Andreychuk’s coach with the Tampa Bay Lightning, John Tortorella, once said that Andreychuk was “slow as molasses, but for some reason he gets it done.”
Tortorella may have been describing Andreychuk’s play – especially in his Tampa Bay years, when he was at the close of his career – but it could describe his wait for the Hall of Fame; it took a while, but now he’s in. Hockey players are first eligible three years after they retire, but Andreychuk – who retired in 2006 and was first eligible in 2009 – had to wait eight years.
“Getting it done” succinctly describes Andreychuk as a player, too. The 6’4” left wing scored 640 goals and 698 assists in 1,639 games. Andreychuk scored 274 goals on the power play, which stands as an NHL record. He played 23 seasons in the NHL, and his 1,639 regular-season games ranks seventh all-time. Although he did not win any individual awards during his NHL career, Andreychuk did captain the Lighting to the franchise’s first and only Stanley Cup Championship in 2004.
“I am so, so very proud to be up here today,” Andreychuk said. “Humbled by the fact that I’m part of this now. And it wouldn’t have been that way, if it weren’t for all the players that I played with. At the same time, we’re all role models that young kids will see. I’m very proud of that.”

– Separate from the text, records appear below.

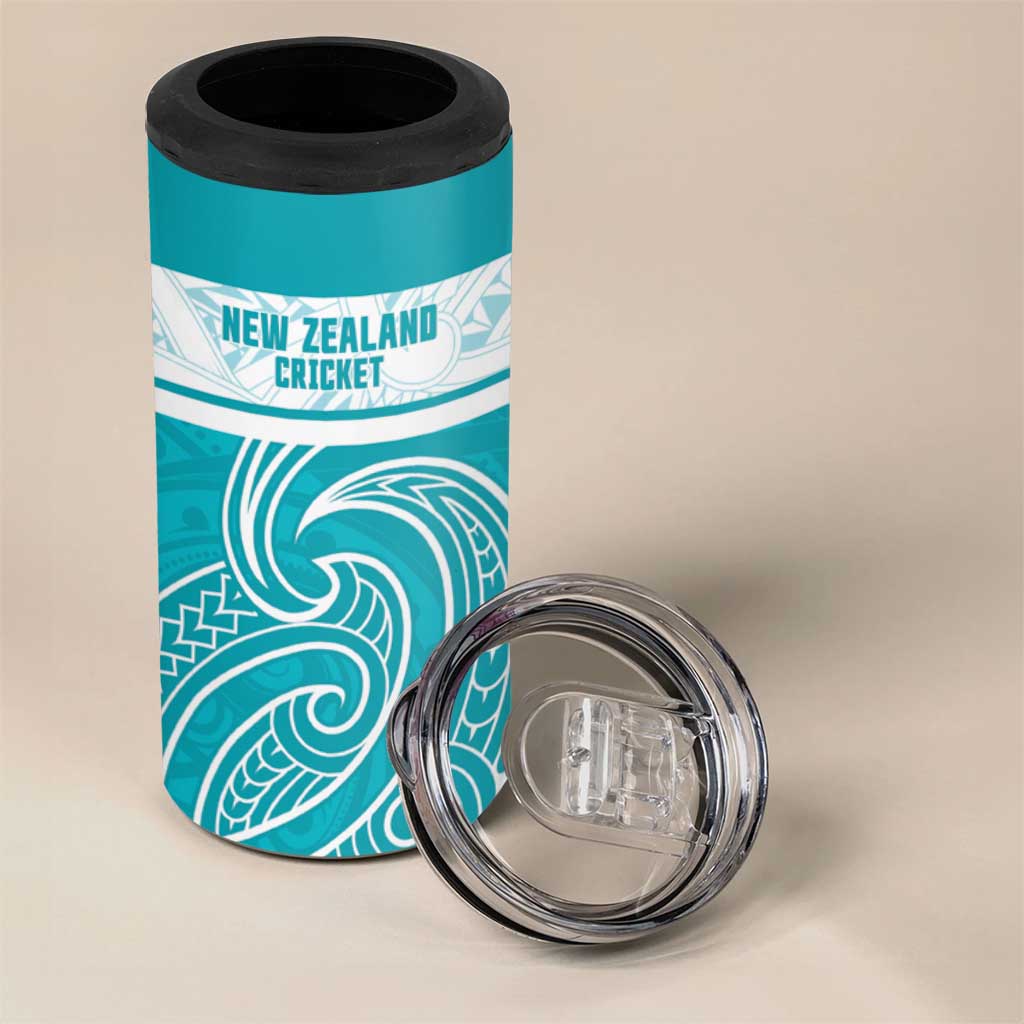 New Zealand Silver Fern Cricket Custom 4 in 1 Can Cooler Tumbler Black Cap Teal Maori Pattern - Vibe Hoodie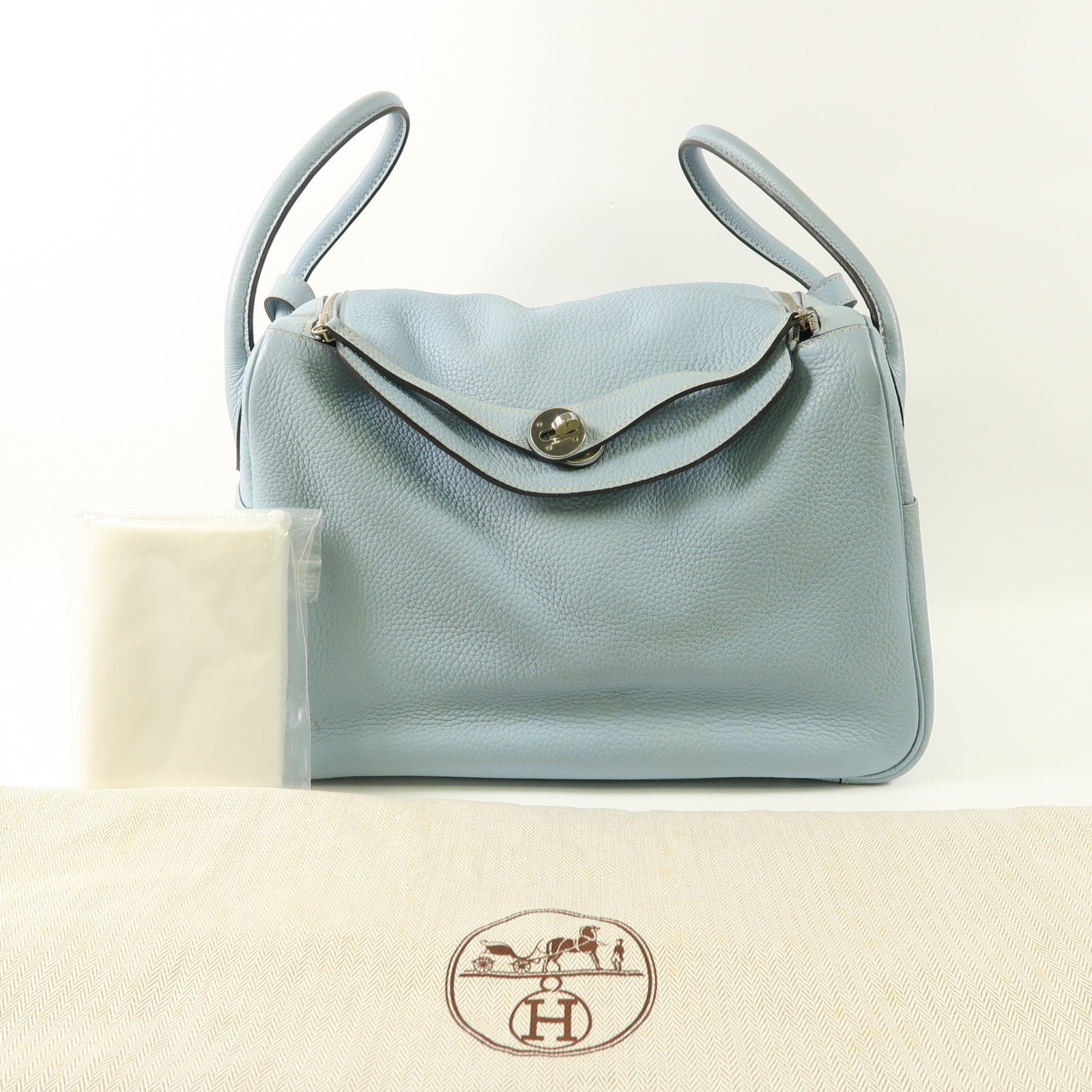 HERMES Clemence皮革Lindy 34銀扣手挽肩背兩用袋J7 Bleu Lin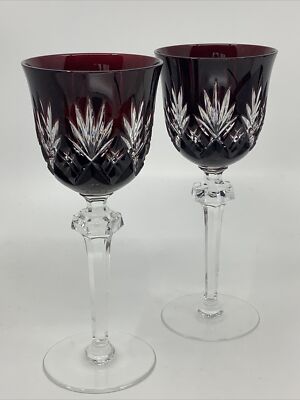 Set of 2 Vintage Crystal 6.5  Ruby Red Cut To Clear Hock Wine Sherry Glasses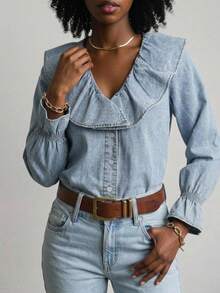 Livesso Atasan Denim Wanita Katun Leher V Lengan Panjang Warna Biru Polos Kerah Ruffle Besar Kancing Depan Potongan Ramping Pinggang Ramping Musim Gugur - Biru - View 3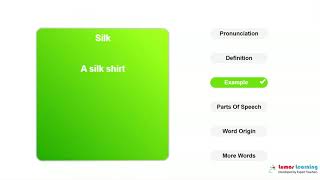 SILK - Definition, pronunciation, grammar, meaning - Practice grade 8 vocabulary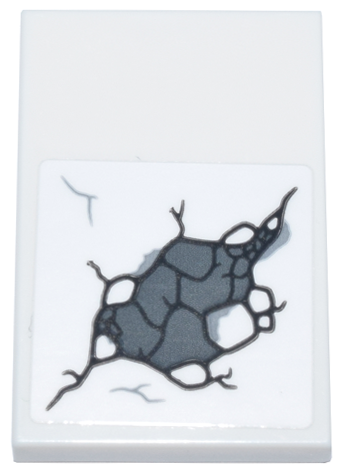Lego Tile 2 x 3 with Black, Dark Bluish Gray and Light Bluish Gray Wide Cracked Stone Pattern 1 (Sticker) - Set 76266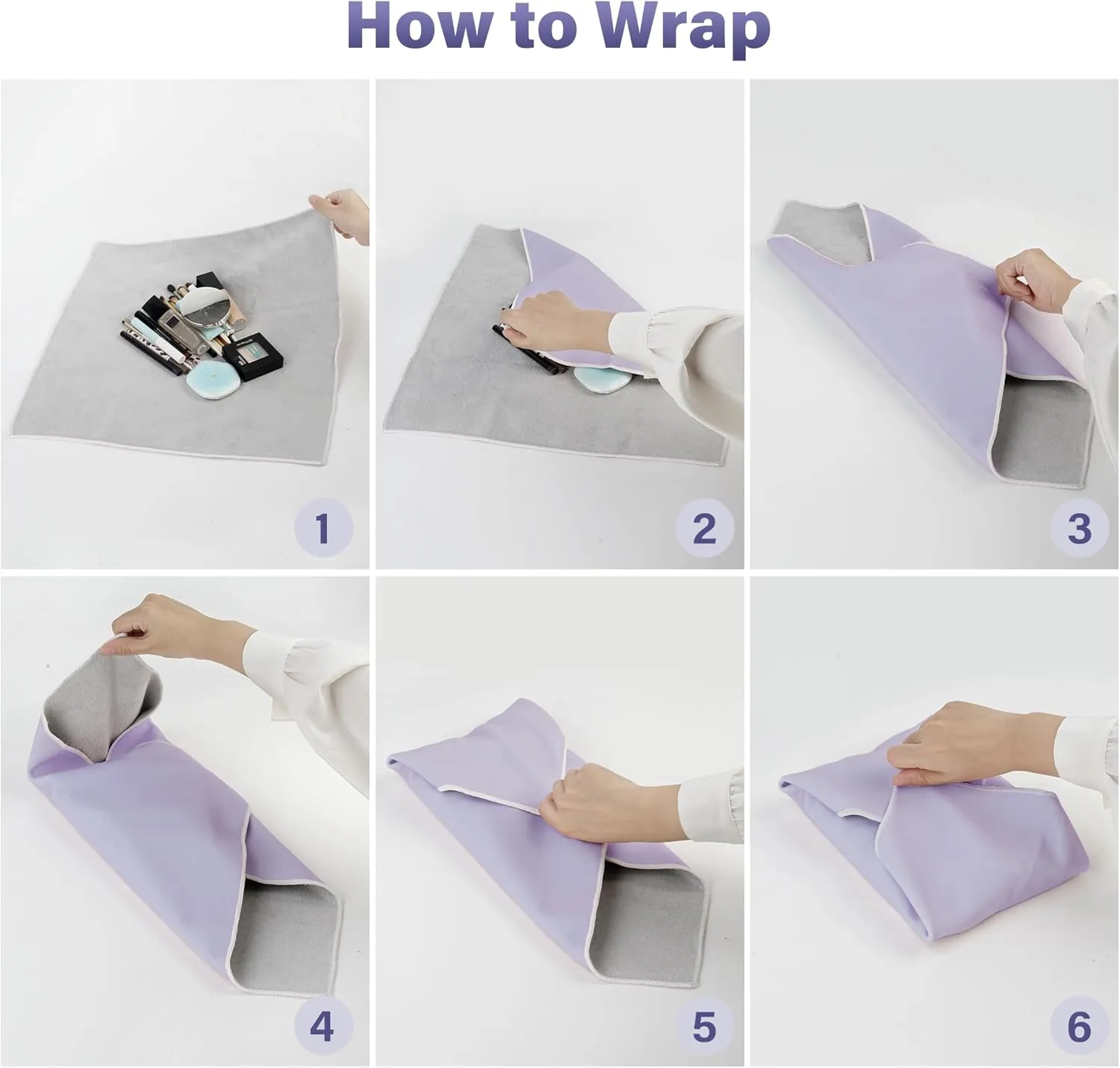 Walking Way Self Adhesive Magic Cloth Makeup Bag, Portable Protective Cosmetic Pouch, Camera Lens Wrap, Travel Organizer for Beauty Essentials, Travel, Gifts & Daily Use (lightpurple, 17.71 inch)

Rookie Cards: Andreychuk is the only player from the Class of 2017 who had his rookie cards issued prior to the hockey card boom of 1990, when cards were printed in staggering quantities. His rookie cards are in the Topps and O-Pee-Chee Hockey sets from 1984-85. However, neither of those sets are particularly scarce. An interesting, harder-to-find alternative is Andreychuk’s “pre-rookie” card from the 1983 Team Canada World Junior Championship postcard set, which shows him as a 19-year-old.
The Hall’s fifth female
“For me, hockey is a universal language,” said Danielle Goyette. “Anybody can play. You just need a chance to prove it.”
Goyette proved herself many times over in an international career that lasted from 1992 to 2007. She is the fifth women to be inducted into the Hockey Hall of Fame since the Hall started electing women players in 2010. Goyette won eight gold medals and one silver medal as a part of the Canadian Women’s National Team at the Women’s World Championships.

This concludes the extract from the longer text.